– Да, в этом я вполне могу положиться на своего корреспондента. Это мой старый друг, один из товарищей по сорок третьему году. А теперь он занимает положение, которое дает ему исключительные возможности разузнавать о такого рода вещах.
«Какой-нибудь чиновник в Ватикане, – промелькнуло в голове у Джеммы. – Так вот какие у него связи! Я, впрочем, так и думала».
– Письмо это, конечно, частного характера, – продолжал Овод, – и вы понимаете, что содержание его никому, кроме членов вашего комитета, не должно быть известно.
– Само собой разумеется. Но вернемся к памфлету. Могу ли я сказать товарищам, что вы согласны сделать кое-какие поправки, немного смягчить тон, или…
– А вы не думаете, синьора, что поправки могут не только ослабить силу сатиры, но и уничтожить красоту «литературного шедевра»?
– Вы спрашиваете о моем личном мнении, а я пришла говорить с вами от имени комитета.
Он спрятал письмо в карман и, наклонившись вперед, смотрел на нее внимательным пытливым взглядом, совершенно изменившим выражение его лица.
– Вы думаете, что…
– Если вас интересует, что думаю я лично, извольте: я не согласна с большинством в обоих пунктах.
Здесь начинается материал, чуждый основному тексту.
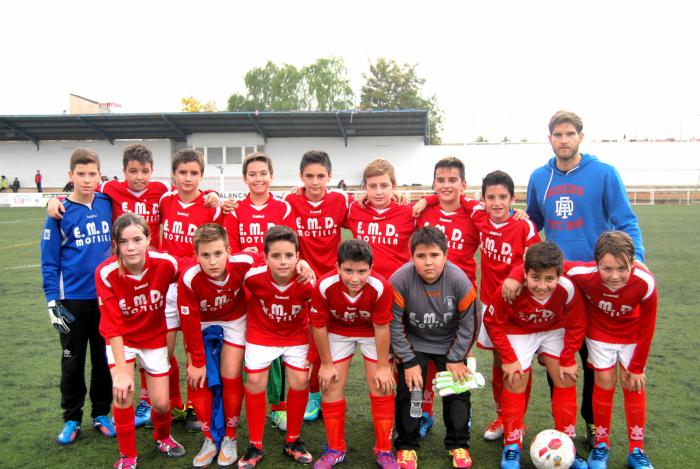 Más de 2.000 niños y niñas comienzan hoy la liga de fútbol y fútbol sala dentro del programa Somos Deporte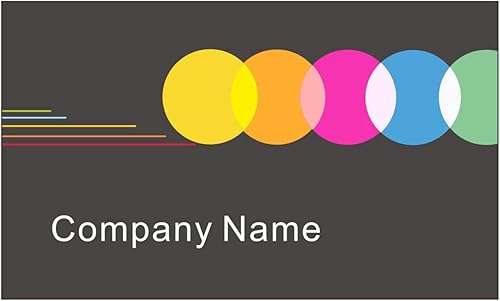 Custom Business Cards 350gsm Thicken Personalized Cards Full Color Double Side Printable 3.5"x2" Customize Business Cards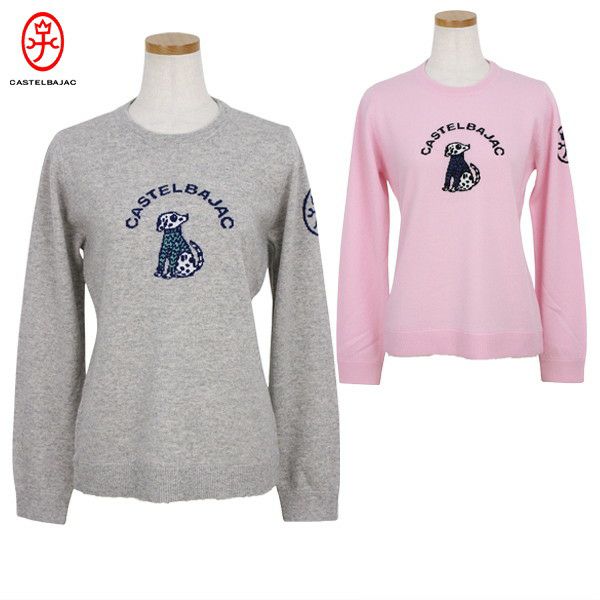 セーター レディース カステルバジャックスポーツ CASTELBAJAC SPORT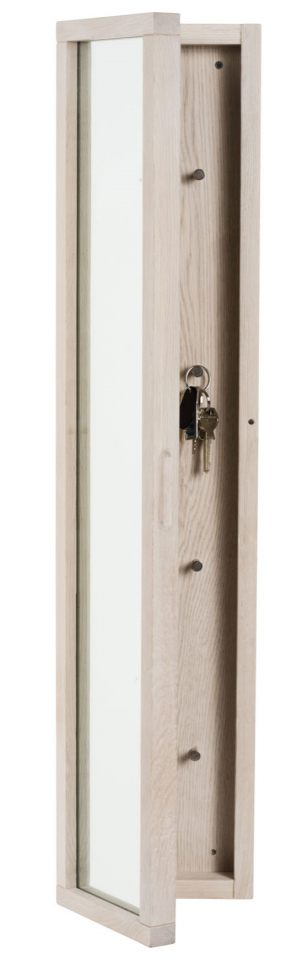 Porte-clés 'Confetti' - Pigmenté blanc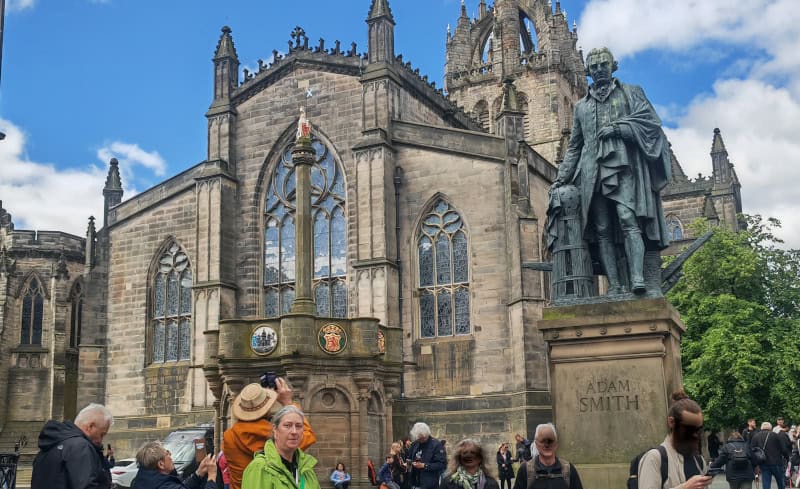 Edinburgh, St. Giles Cathedral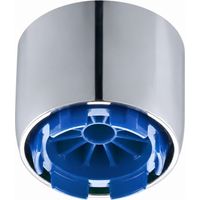 Aeratore NOSTRAHL Clinic blu femmina 22x100 7,5 a 9L/min.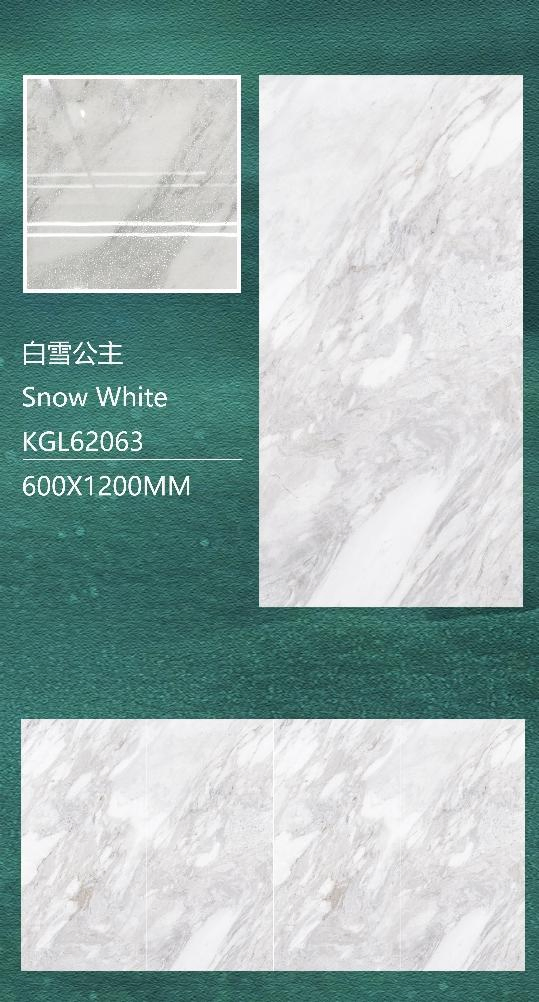 Foshan 600 X 1200mm Decoration Vitrified K Line Silver Golden Glazed Polished Porcelain Wall Floor Ceramic Tiles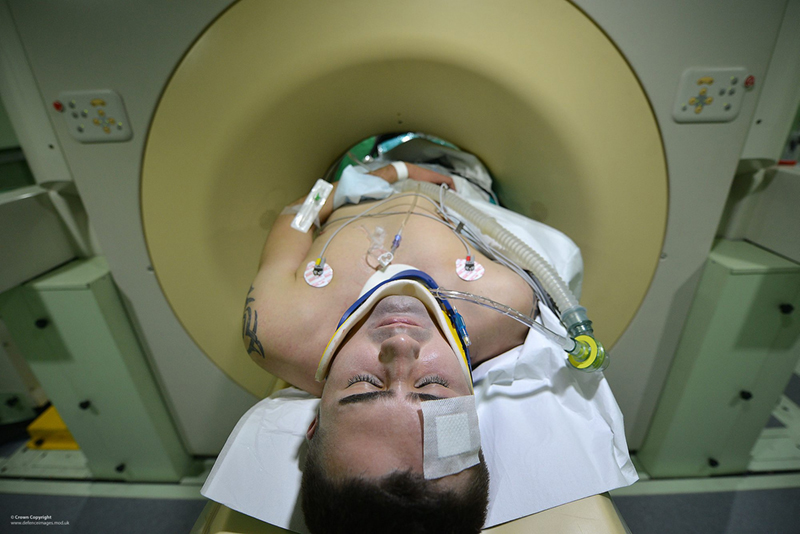 CT scan machine (Defence Images/Flickr)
Я вовсе не восхищаюсь памфлетом с литературной точки зрения, но нахожу, что он правильно освещает факты и поможет нам разрешить наши тактические задачи.
– То есть?
– Я вполне согласна с вами, что Италия тянется к блуждающим огонькам и что все эти восторги и ликования заведут ее в бездонную трясину. Меня бы порадовало, если бы это было сказано открыто и смело, хотя бы с риском оскорбить и оттолкнуть некоторых из наших союзников. Но как член организации, большинство которой держится противоположного взгляда, я не могу настаивать на своем личном мнении. И, разумеется, я тоже считаю, что если уж говорить, то говорить беспристрастно и спокойно, а не таким тоном, как в этом памфлете.
– Вы подождете минутку, пока я просмотрю рукопись?
Он взял памфлет, пробежал его от начала до конца и недовольно нахмурился:
– Да, вы правы. Это кафешантанная дешевка, а не политическая сатира. Но что поделаешь? Напиши я в благопристойном тоне, публика не поймет. Если не будет злословия, покажется скучно.
– А вы не думаете, что злословие тоже нагоняет скуку, если оно преподносится в слишком больших дозах?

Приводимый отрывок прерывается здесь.